→ What to work on:
In the entries that follow, the lines from the line containing "Ahşap Kilitli Logo" up to and including the line containing "Халат чоловічий махровий" must be copied exactly, with pictures omitted.

→ Records shown:
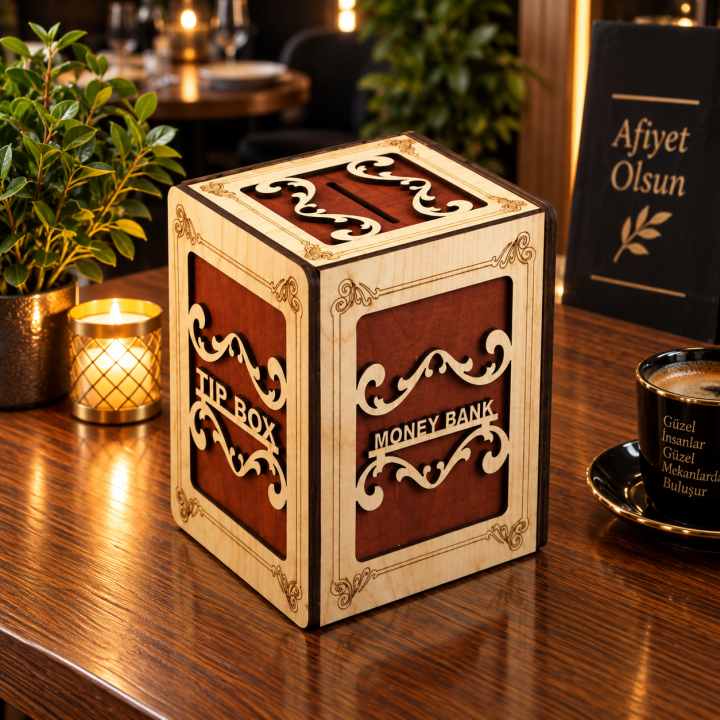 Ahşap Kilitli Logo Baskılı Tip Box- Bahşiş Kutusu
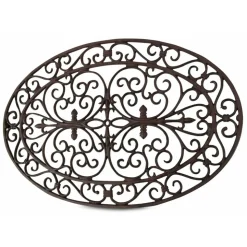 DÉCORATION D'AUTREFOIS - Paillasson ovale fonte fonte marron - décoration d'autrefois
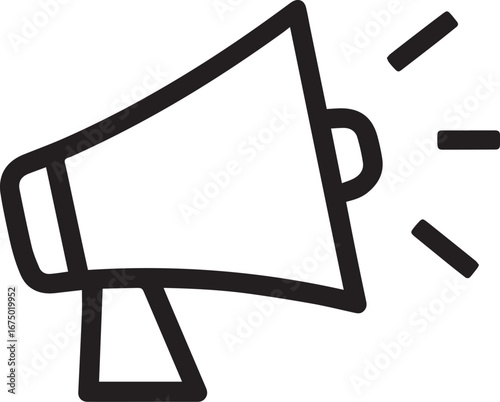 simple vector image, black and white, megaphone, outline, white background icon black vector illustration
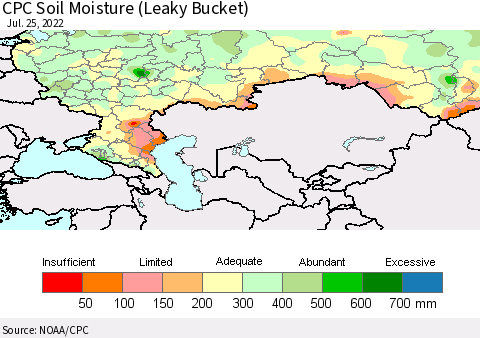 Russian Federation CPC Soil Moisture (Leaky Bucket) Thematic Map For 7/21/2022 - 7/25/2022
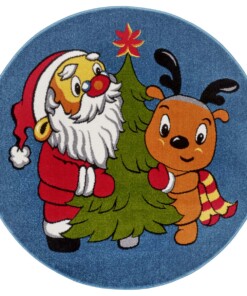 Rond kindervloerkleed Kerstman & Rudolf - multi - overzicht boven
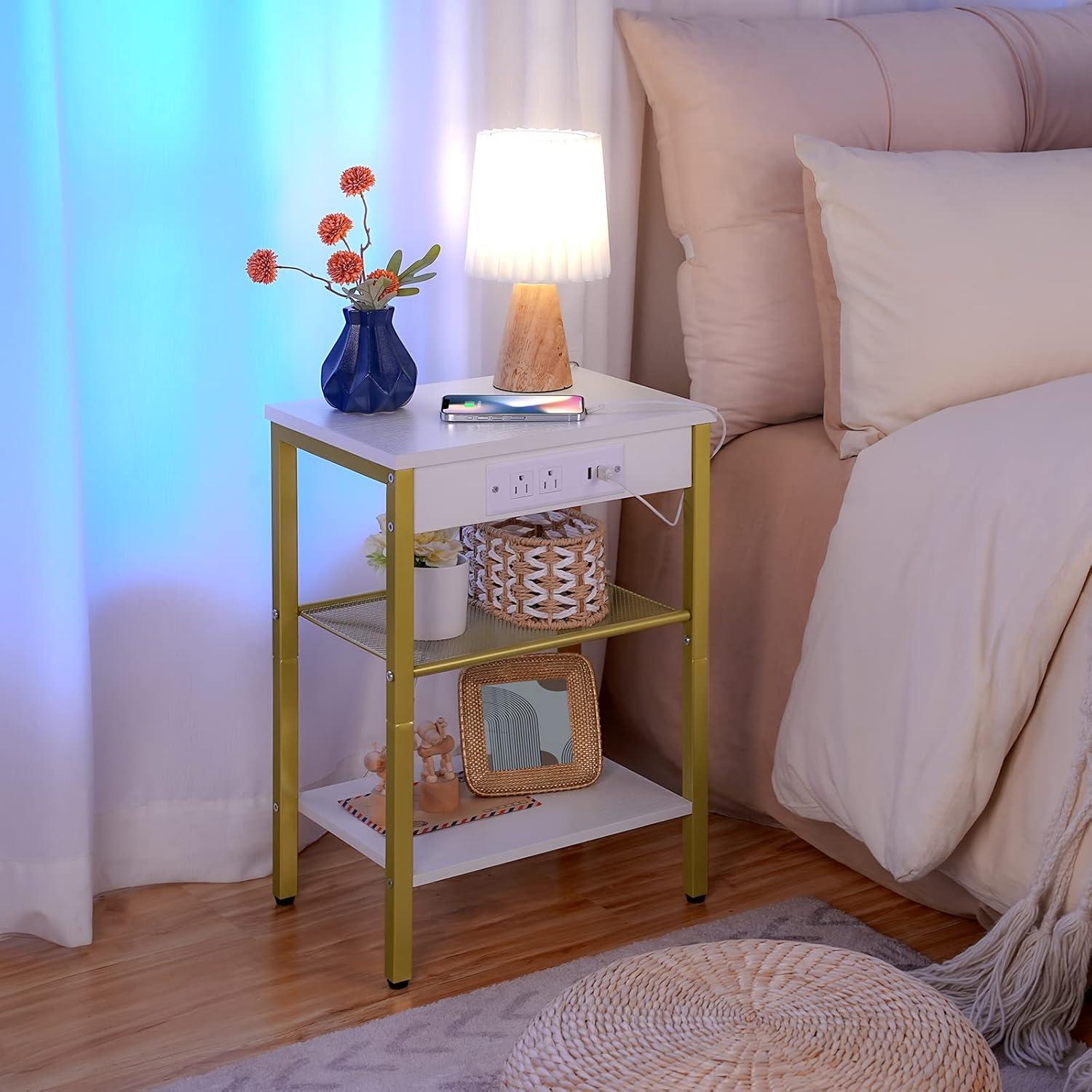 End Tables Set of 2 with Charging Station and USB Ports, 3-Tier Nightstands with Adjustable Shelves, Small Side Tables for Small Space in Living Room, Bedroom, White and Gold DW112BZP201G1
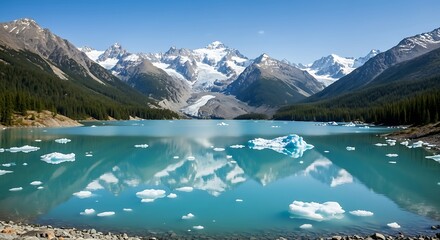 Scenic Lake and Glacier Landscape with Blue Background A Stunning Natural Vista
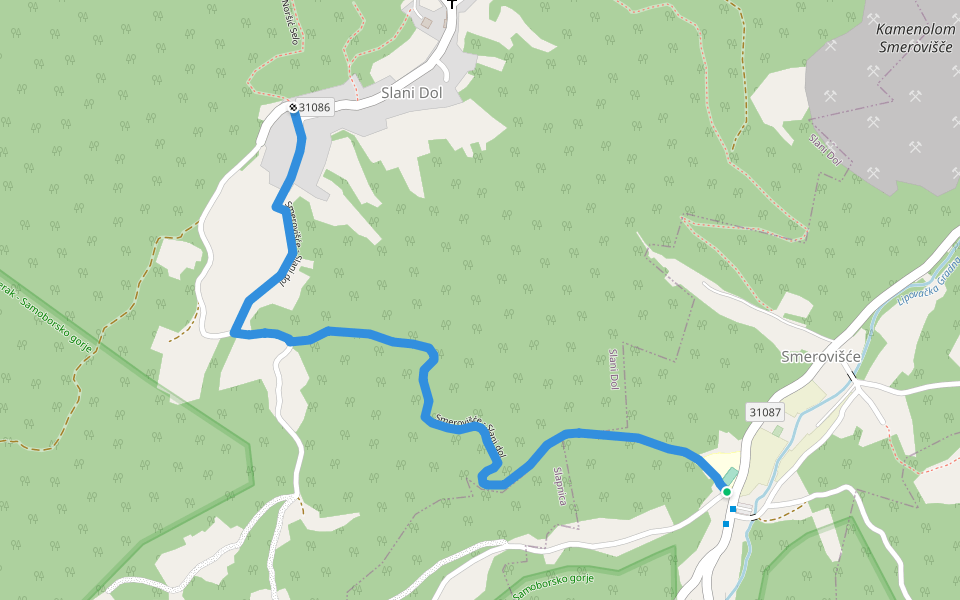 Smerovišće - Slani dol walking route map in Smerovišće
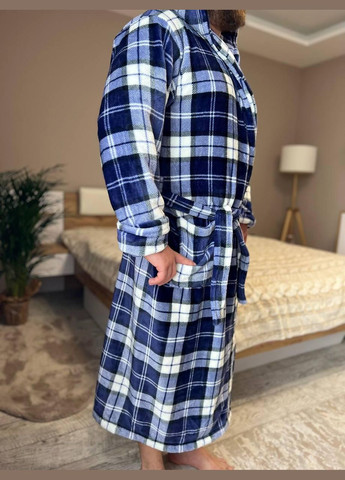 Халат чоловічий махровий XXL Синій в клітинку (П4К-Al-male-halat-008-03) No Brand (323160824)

* * *

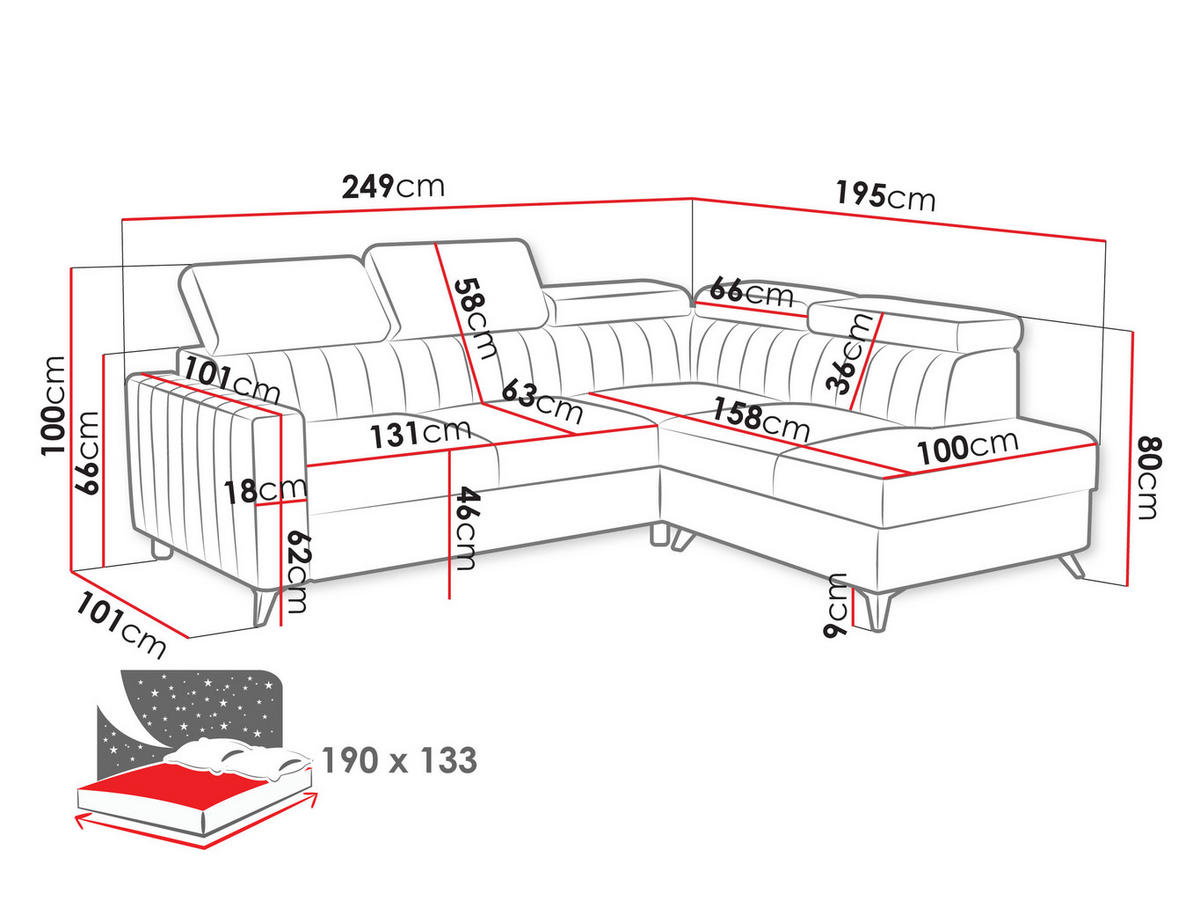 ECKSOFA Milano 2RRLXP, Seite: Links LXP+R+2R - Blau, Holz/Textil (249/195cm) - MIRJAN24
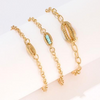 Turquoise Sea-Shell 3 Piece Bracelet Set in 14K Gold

--

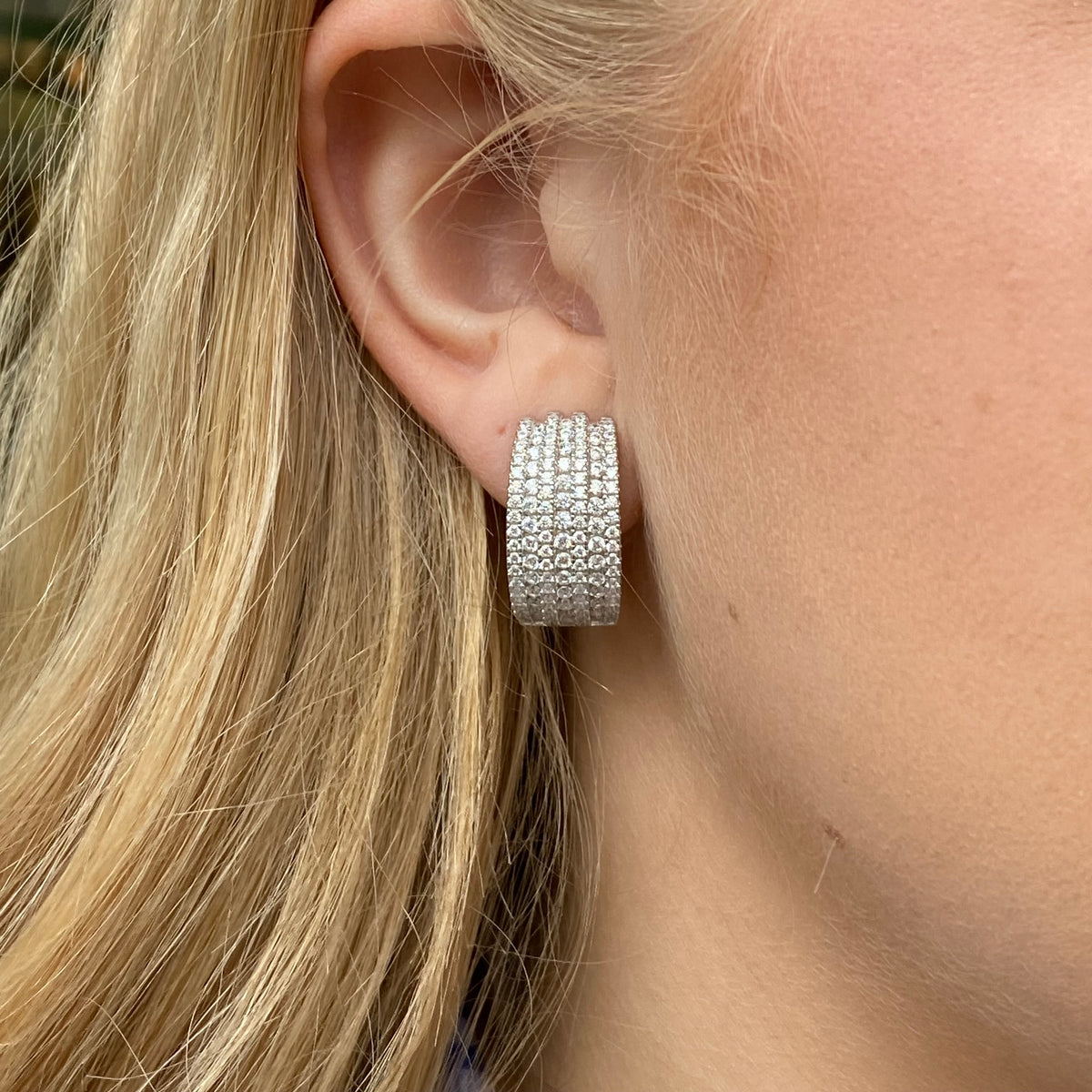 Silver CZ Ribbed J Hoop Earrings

→ Solution to the problem:
 Ahşap Kilitli Logo Baskılı Tip Box- Bahşiş Kutusu
 DÉCORATION D'AUTREFOIS - Paillasson ovale fonte fonte marron - décoration d'autrefois
 simple vector image, black and white, megaphone, outline, white background icon black vector illustration
 Russian Federation CPC Soil Moisture (Leaky Bucket) Thematic Map For 7/21/2022 - 7/25/2022
 Rond kindervloerkleed Kerstman & Rudolf - multi - overzicht boven
 End Tables Set of 2 with Charging Station and USB Ports, 3-Tier Nightstands with Adjustable Shelves, Small Side Tables for Small Space in Living Room, Bedroom, White and Gold DW112BZP201G1
 Scenic Lake and Glacier Landscape with Blue Background A Stunning Natural Vista
 Smerovišće - Slani dol walking route map in Smerovišće
 Халат чоловічий махровий XXL Синій в клітинку (П4К-Al-male-halat-008-03) No Brand (323160824)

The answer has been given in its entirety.